Die DSU als Sachsen-Version der CSU hat sich nach Angaben ihres Chefs Jürgen Schwarz, entschieden, OB Herbert Wagner zu unterstützen. Die Fraktion sah Schwarz dennoch nicht gefährdet, "weil die Zusammenarbeit gut funktioniert". Man werde "mit aller Kraft versuchen, die Fraktion und das Bündnis mit der CDU aufrecht zu halten", sagte Schwarz. Der CDU-Fraktion reichen zur Mehrheit im Stadtrat zwei zusätzliche Stimmen.

Stadtrat Fischer von den Freien Bürgern, eher CDU-nah, sprach von einer "unglücklichen Situation" und mochte sich zur Frage der weiteren Fraktionsmitgliedschaft nicht äußern. Seine Wählervereinigung kam gestern Abend zu einer Krisensitzung zusammen. "Roßberg ist nicht unser Kandidat", sagte Fischer.

Fraktionschef Mücke hatte sich in der Vergangenheit mehrfach für einen eigenen OB-Kandidaten der FDP ausgesprochen.

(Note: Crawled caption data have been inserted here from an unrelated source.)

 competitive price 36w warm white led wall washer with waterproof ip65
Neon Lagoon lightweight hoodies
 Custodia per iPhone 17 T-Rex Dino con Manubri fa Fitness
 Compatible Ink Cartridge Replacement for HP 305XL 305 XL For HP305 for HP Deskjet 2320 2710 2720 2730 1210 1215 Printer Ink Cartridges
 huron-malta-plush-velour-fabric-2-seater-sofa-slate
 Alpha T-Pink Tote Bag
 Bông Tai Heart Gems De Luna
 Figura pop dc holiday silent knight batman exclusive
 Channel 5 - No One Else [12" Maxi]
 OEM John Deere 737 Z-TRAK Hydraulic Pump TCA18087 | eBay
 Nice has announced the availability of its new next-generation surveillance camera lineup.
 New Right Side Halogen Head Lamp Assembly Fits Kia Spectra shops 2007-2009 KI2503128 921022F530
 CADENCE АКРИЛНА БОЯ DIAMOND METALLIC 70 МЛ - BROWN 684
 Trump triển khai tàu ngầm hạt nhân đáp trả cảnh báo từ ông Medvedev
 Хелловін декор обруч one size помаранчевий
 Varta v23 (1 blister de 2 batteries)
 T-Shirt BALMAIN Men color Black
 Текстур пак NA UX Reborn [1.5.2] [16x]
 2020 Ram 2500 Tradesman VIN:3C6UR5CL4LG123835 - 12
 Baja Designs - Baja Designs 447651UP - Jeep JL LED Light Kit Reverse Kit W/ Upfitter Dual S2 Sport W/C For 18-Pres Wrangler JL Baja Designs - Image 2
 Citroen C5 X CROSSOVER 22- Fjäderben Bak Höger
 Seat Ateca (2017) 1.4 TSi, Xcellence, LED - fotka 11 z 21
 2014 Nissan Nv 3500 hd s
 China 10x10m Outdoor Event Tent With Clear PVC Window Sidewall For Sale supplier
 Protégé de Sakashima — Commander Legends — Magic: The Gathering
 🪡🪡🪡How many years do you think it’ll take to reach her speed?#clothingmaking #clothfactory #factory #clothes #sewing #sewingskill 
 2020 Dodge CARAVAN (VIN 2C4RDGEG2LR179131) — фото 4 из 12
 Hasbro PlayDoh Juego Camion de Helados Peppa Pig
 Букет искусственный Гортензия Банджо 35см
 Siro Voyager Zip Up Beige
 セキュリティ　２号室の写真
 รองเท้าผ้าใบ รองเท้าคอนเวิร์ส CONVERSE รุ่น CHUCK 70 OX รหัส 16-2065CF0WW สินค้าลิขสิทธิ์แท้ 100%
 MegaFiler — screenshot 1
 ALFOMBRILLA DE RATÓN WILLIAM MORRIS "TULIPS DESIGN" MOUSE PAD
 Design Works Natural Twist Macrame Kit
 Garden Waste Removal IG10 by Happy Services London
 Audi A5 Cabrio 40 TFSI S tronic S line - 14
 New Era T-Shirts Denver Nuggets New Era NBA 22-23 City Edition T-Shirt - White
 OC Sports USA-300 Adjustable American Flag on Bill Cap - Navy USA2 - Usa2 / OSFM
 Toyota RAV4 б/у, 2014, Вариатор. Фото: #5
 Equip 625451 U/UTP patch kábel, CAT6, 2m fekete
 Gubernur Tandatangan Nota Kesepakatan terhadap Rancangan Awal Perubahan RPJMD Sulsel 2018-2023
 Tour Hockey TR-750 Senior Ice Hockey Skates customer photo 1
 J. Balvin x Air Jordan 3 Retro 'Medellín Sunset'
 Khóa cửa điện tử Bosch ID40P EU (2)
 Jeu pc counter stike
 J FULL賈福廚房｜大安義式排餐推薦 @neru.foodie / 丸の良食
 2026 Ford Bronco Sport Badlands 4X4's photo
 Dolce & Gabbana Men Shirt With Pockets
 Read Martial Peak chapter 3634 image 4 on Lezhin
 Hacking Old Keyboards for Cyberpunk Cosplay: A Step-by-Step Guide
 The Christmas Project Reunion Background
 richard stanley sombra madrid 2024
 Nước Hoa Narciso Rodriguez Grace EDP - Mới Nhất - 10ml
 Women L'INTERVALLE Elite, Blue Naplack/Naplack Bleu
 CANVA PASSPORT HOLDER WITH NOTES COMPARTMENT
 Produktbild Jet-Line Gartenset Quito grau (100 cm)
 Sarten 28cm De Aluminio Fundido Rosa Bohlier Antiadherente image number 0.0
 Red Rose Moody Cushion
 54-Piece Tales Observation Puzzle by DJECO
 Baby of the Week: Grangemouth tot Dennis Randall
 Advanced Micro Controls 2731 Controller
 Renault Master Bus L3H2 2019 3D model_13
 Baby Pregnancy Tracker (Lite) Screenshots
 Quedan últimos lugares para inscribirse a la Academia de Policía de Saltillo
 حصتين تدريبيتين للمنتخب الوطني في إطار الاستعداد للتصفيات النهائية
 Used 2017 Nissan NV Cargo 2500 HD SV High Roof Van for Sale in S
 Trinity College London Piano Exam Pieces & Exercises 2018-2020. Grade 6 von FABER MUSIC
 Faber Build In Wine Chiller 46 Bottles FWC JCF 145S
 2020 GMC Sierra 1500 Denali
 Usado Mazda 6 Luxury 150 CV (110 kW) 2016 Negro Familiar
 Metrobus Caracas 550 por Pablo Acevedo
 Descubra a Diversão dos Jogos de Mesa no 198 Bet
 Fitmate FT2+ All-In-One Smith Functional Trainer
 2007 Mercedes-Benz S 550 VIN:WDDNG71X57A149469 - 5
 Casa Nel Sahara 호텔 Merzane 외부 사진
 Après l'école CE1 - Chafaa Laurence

Er hatte dabei stets erkennen lassen, dass es ihm dabei nicht darum ging, die Chancen von CDU-Mann Wagner zu schmälern, sondern im ersten Wahlgang das liberale Fähnlein hoch zu halten. Mücke fürchtet um die Koalition und den FDP-Anspruch auf einen Dezernentenposten in der Stadtspitze. "Ich bin nicht bereit, die Arbeit der letzten beiden Jahre über die Wupper gehen zu lassen", sagte er gestern in Anspielung auf Roßberg, der seit September als Dezernent in Wuppertal arbeitet.

FDP-Kreischef Arno Schmidt hatte bislang ausgeschlossen, dass seine Partei bei der OB-Wahl in einem Boot mit der PDS sitzen könnte. Ob die aber Roßberg unterstützt, klärt sich erst eine Woche nach dem FDP-Parteitag bei einer PDS-Mitgliederversammlung. Schmidt sah eine neue Situation: Es gehe ja nicht um ein Bündnis, in dem PDS und FDP vereint wären. Vielmehr erklärten einzelne Parteien ihre Unterstützung für einen Kandidaten, den eine Bürgerinitiative aufstelle. Er wies darauf hin, dass die Roßberg-Empfehlung unter Vorbehalt des Wahlprogramms gilt, das Anfang April vorliegen soll: "Da wollen wir uns als FDP schon drin wieder erkennen können." Die SPD steht seit Anfang März offiziell hinter Roßberg, die Grünen wollen sich am 7. April entscheiden.